Do you think of college as a closed chapter of your life? A number of factors may have convinced you to give up on your dreams of graduating from college, but these need not hold you back any longer. Below are four common excuses for not returning to school — and why they shouldn’t matter.
College can definitely be a financial sacrifice, but it need not be out of reach. Many grants and scholarships are targeted directly at non-traditional students returning to school. If you currently work full-time, your employer may also be willing to cover some or all of the cost of college. Be sure to ask your HR team about tuition reimbursement programs that may be available.
As a non-traditional student, you may need to balance a full-time job and family obligations with school. This might seem difficult, but you have more time than you think. Night, weekend, and online classes all can help you achieve dreams you’ve been putting off for years.
If real life makes it impossible for you to balance a full class load, consider attending school on a part-time basis. Yes, this may add a few years onto your expected graduation date, but this won’t seem so bad if you keep your eye on your long-term goals.
Ultimately, while balancing school and life is a challenge, the career benefits and personal satisfaction make this juggling act more than worthwhile.
Fear of failure
Perhaps the first time you attended college, you fell behind in your coursework and suffered terrible grades. Or maybe you partied too hard and failed to show up for class.

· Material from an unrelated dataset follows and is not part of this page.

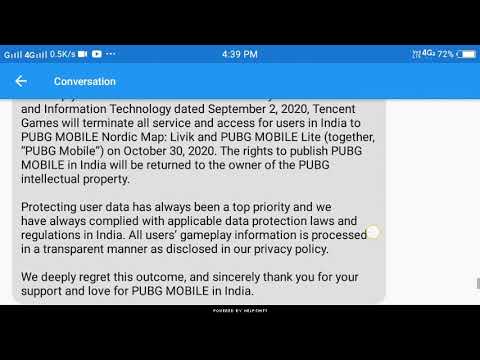Pubg mobile or pubg mobile Lite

Now, however, you are older and wiser, so there’s no reason for you to cower in fear at the thought of a final exam or a term paper. If the prospect of applying with less-than-stellar grades on your record makes you nervous, relax — increasingly generous student forgiveness policies can help you achieve a clean slate.

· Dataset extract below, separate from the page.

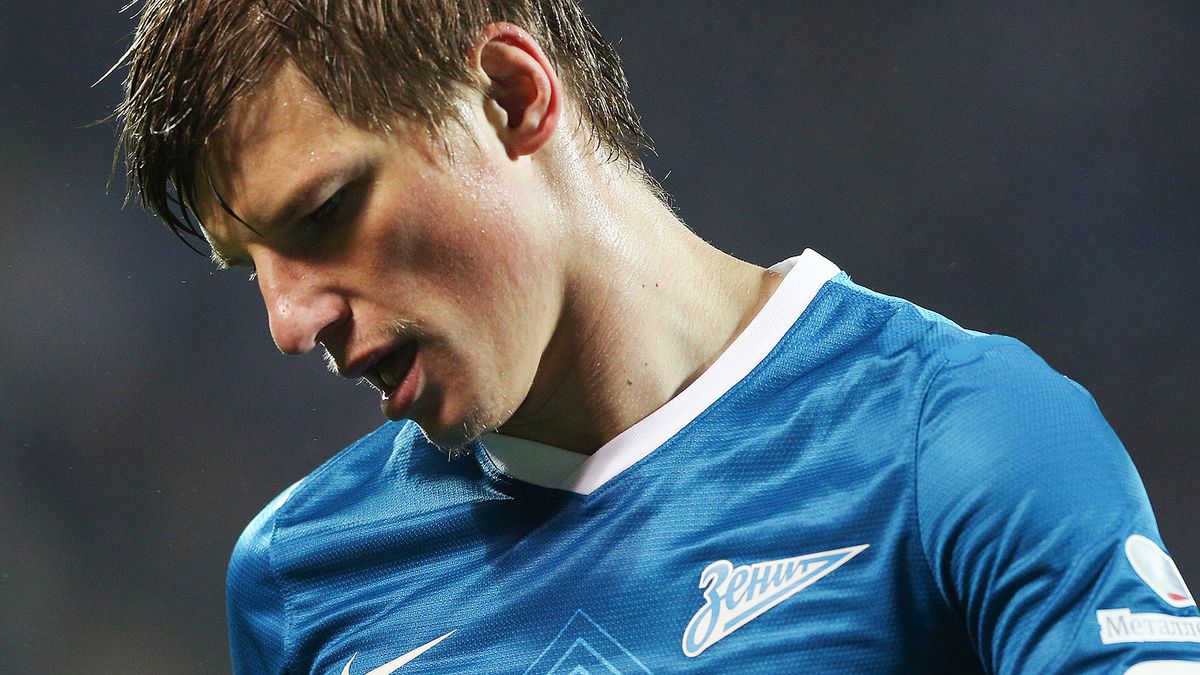 Аршавин назвал лучшего нападающего, которого он видел в чемпионате России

When you picture a typical college student, you probably think of a youngster between the ages of 18 and 22. However, this perception does not actually reflect today’s college environment. A report from Forbes indicates that the median age of a student at a for-profit college is 27 years.
This figure is expected to only increase as students in their 30s, 40s and beyond recognize the value of post-secondary credentials. It is not uncommon for students enrolled in night or weekend classes to be surrounded by others their age and older.
Although non-traditional students typically feel most at home in classes with a median age of over 25, they can add great value to younger classrooms as well; teenage and early 20s students benefit from hearing of fellow students’ real world experience.